[Opening THE INPUT section]

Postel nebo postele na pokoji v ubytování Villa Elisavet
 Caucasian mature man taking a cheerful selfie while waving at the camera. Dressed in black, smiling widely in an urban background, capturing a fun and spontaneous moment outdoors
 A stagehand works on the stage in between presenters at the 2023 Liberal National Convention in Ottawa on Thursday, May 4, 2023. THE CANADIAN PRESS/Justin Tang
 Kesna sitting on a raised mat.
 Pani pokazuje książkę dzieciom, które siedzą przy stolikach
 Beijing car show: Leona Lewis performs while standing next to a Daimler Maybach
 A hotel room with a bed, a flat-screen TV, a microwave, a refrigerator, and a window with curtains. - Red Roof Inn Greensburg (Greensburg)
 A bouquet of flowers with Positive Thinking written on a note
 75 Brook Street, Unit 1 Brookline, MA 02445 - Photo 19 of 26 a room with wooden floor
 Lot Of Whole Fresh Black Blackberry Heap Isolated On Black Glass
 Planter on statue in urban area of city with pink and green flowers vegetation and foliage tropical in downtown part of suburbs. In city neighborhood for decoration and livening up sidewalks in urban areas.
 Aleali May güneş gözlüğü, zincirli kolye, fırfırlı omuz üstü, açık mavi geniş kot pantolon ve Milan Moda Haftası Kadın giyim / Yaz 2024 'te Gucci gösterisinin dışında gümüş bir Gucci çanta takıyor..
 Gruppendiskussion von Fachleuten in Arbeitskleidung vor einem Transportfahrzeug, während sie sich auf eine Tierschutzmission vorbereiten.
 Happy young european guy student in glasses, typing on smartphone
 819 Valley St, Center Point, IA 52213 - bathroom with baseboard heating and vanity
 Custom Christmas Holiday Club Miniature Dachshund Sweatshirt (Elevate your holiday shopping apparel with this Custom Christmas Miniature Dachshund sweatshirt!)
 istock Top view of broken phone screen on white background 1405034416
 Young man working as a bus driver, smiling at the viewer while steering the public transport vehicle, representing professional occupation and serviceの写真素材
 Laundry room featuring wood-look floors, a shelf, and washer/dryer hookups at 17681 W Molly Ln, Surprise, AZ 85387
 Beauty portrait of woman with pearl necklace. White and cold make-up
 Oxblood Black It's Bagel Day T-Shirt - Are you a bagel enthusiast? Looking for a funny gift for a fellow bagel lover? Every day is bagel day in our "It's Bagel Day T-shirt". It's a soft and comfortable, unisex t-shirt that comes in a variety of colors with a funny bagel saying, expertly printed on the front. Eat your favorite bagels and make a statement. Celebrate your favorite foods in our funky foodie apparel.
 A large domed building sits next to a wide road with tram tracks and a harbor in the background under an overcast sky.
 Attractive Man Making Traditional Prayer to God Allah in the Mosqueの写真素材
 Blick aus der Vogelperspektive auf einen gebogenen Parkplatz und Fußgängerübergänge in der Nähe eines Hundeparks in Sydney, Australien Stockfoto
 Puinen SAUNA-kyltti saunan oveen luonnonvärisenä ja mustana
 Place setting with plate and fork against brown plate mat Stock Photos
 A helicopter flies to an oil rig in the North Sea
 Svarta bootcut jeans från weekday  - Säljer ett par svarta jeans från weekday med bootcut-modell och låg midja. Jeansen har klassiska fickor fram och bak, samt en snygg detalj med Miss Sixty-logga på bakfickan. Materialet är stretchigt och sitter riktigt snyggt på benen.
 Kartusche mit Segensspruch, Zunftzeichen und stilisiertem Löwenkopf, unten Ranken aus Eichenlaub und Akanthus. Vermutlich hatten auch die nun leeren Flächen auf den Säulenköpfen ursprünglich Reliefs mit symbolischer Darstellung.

[Closing THE INPUT section]

TASK DETAILS -
All lines in the records above with "your" need to be found and copied.

EXPECTED OUTPUT -
 Custom Christmas Holiday Club Miniature Dachshund Sweatshirt (Elevate your holiday shopping apparel with this Custom Christmas Miniature Dachshund sweatshirt!)
 Oxblood Black It's Bagel Day T-Shirt - Are you a bagel enthusiast? Looking for a funny gift for a fellow bagel lover? Every day is bagel day in our "It's Bagel Day T-shirt". It's a soft and comfortable, unisex t-shirt that comes in a variety of colors with a funny bagel saying, expertly printed on the front. Eat your favorite bagels and make a statement. Celebrate your favorite foods in our funky foodie apparel.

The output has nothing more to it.